Code of Conduct on the use of GDPR compliant Pseudonymisation

General Data Protection Regulation (GDPR)
INTRODUCTION
Draft for a Code of Conduct on the use of GDPR compliant pseudonymisation
CHAPTER 3

Application examples of pseudonymisation

3.1 Pseudonymisation Magenta TV (DTAG)

3.1.1 Introduction

Deutsche Telekom generates anonymous statistics based on the use of the Magenta TV product. Personal data is first pseudonymised in order to convert it into anonymous statistics. Certain usage data, so-called events, which are provided with an identifier (ID), are used in particular for pseudonymisation. This makes it possible, for example, to carry out a different count. This means that the question can be answered, as to how many households or how many set-top boxes have watched a particular channel at a certain time. Every user has the possibility to object to this processing (opt-out) at any time.

The abovementioned IDs are ultimately no longer present in anonymous statistics, making it impossible to trace back from the pure numbers to the encrypted IDs.

3.1.2 Description of responsibilities

Telekom Deutschland GmbH is responsible for the personal data generated when using the Magenta TV product. The pseudonymisation is provided by T-Systems GmbH as an IT service provider.

T-Systems will be integrated by Telekom Deutschland in this process via a controller-processor agreement. Another legal unit of T-systems, the Tel-IT, provides an automatically generated key for pseudonymisation. Tel-IT is also involved in development and operation.

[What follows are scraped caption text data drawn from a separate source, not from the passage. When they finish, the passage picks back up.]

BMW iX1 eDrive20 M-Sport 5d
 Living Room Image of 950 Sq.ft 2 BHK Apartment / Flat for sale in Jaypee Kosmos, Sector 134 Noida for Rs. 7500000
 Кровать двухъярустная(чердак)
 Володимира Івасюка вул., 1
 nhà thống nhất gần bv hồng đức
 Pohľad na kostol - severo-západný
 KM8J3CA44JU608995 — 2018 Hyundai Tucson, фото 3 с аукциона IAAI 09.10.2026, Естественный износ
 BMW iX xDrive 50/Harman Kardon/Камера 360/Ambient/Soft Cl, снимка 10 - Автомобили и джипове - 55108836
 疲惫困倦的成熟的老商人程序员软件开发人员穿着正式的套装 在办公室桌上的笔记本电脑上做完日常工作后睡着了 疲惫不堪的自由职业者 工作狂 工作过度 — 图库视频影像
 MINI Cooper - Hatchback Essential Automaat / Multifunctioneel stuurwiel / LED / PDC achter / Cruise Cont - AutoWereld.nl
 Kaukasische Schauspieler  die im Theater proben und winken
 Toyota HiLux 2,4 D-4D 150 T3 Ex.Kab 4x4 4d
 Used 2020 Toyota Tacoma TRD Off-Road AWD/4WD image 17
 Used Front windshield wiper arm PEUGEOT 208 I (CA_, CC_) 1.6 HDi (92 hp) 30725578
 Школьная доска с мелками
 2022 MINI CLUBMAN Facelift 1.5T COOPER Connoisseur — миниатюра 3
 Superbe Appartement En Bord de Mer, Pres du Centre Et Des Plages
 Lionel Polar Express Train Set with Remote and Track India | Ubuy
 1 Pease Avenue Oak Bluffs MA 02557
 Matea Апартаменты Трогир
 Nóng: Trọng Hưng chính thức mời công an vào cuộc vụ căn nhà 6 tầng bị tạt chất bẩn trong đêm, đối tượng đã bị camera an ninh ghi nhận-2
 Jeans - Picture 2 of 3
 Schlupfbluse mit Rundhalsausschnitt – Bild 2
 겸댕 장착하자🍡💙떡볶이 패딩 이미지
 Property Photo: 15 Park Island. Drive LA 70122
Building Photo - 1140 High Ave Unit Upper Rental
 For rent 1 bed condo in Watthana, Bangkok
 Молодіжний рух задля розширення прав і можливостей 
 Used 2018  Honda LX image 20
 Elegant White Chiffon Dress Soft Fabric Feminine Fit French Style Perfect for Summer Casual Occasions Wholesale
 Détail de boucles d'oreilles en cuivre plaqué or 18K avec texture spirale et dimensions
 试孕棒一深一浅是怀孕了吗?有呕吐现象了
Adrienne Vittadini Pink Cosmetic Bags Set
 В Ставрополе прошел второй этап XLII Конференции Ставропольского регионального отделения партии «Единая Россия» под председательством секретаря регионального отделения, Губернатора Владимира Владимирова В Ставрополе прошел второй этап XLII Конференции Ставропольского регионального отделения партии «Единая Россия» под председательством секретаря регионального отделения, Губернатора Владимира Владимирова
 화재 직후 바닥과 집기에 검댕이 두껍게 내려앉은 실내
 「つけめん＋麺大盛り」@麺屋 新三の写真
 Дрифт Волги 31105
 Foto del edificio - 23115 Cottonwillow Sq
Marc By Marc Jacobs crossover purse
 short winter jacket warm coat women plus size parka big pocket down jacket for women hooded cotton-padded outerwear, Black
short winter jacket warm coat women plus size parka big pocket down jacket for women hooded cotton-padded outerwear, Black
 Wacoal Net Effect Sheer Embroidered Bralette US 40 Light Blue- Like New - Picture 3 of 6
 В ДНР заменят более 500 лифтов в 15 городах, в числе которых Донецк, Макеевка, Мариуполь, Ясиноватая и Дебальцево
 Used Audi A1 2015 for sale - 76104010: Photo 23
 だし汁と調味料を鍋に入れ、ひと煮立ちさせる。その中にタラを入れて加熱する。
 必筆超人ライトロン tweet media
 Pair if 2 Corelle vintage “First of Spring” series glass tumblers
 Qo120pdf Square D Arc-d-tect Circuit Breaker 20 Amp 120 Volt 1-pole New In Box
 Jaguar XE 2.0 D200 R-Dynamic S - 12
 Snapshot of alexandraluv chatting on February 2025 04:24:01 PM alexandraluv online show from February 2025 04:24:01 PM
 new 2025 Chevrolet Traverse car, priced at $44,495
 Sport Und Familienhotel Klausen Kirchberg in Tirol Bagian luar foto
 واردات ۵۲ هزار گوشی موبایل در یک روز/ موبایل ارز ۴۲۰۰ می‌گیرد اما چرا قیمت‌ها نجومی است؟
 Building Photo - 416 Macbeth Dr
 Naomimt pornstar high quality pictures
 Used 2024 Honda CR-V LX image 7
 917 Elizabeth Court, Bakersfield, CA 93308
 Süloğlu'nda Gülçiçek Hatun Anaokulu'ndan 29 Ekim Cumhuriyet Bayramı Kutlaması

The assignment of pseudonymisation is carried out by the "Private Customers Germany" segment. In other words, this division commissions the pseudonymisation of the IT service provider, after consultation with Deutsche Telekom's Corporate Data Protection Department. The Data Protection Department is also responsible for the legal conformity of the pseudonymisation process as such.

3.1.3 Criteria for determining the appropriate pseudonymisation method

The data types to be pseudonymised are usage data from Magenta TV, cf. Art. 4 No. 1 GDPR. In addition, there is also metadata, which also flows into the pseudonymisation. These are pseudonymised for the creation of user profiles, cf. Art. 6 para. 1 lit. f) in connection with Art. 32 para. 1 lit. a) GDPR. This involves more than 10 million data records per day, which are pseudonymised. Personal and device pseudonyms are created for pseudonymisation.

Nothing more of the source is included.